Explainable Artificial Intelligence: How to Evaluate Explanations of Deep Neural Network Predictions

Abstract. With a surging appetite to leverage deep learning models as means to enhance decisionmaking, new requirements for interpretability are set. Renewed research interest has thus been found within the machine learning community to develop explainability methods that can estimate the influence of a given input feature to the prediction made by a model. Current explainability methods of deep neural networks have nonetheless shown to be far from fault-proof and the question of how to properly evaluate explanations has largely remained unsolved.

In this thesis work, we have taken a deep look into how popular, state-of-the-art explainability methods are evaluated with a specific focus on one evaluation technique that has proved particularly challenging - the continuity test. The test captures the sensitivity of explanations by measuring how an explanation, in relation to a model prediction, changes when its input is perturbed. While it might sound like a reasonable expectation that the methods behave consistently in their input domain, we show in experiments on both toyand real-world data, on image classification tasks, that there is little to no empirical association between how explanations and networks respond to perturbed inputs. As such, we challenge the proposition that explanations and model outcomes can, and should be, compared.

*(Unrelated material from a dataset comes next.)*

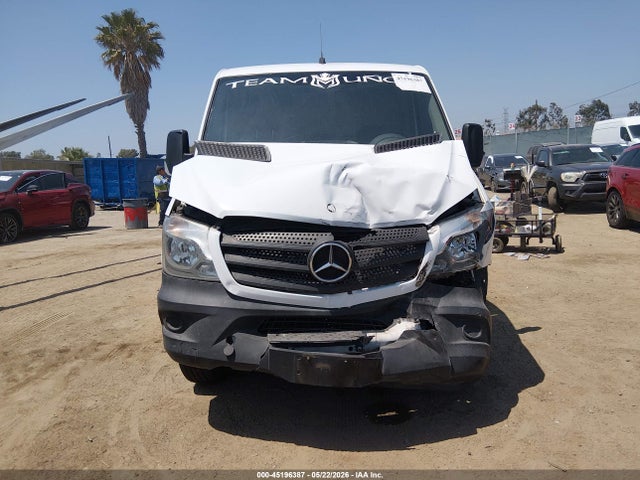 Aukcja sprzedaży 2015 Mercedes-benz Sprinter 2500 Normal Roof, vin: WD3PE7DC1FP172819, numer aukcji: 45196387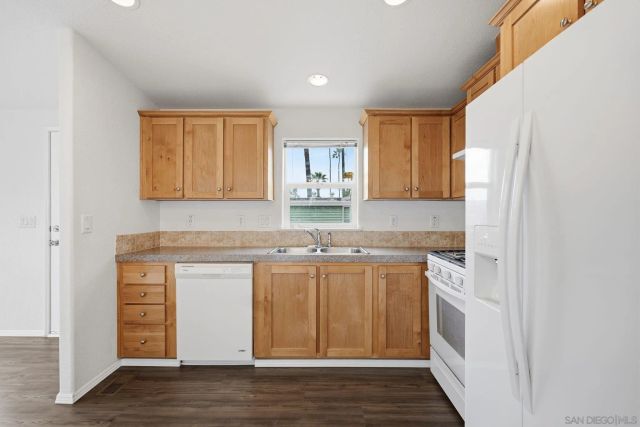 13594 Highway 8 Business 73, Lakeside, CA 92040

As a second line of work, we also point out how and why it is problematic that commonly applied ad-hoc perturbation techniques tend to produce samples that lie far from the data distribution. In the pursuit for better, more plausible image perturbations for the continuity test, we therefore present an alternative approach that relies on sampling in latent space, as learned by a probabilistic, generative model. To this end, we hope that the work presented in this thesis will not only be helpful in identifying limitations of current evaluation techniques, but that the work also contributes with ideas of how to improve them.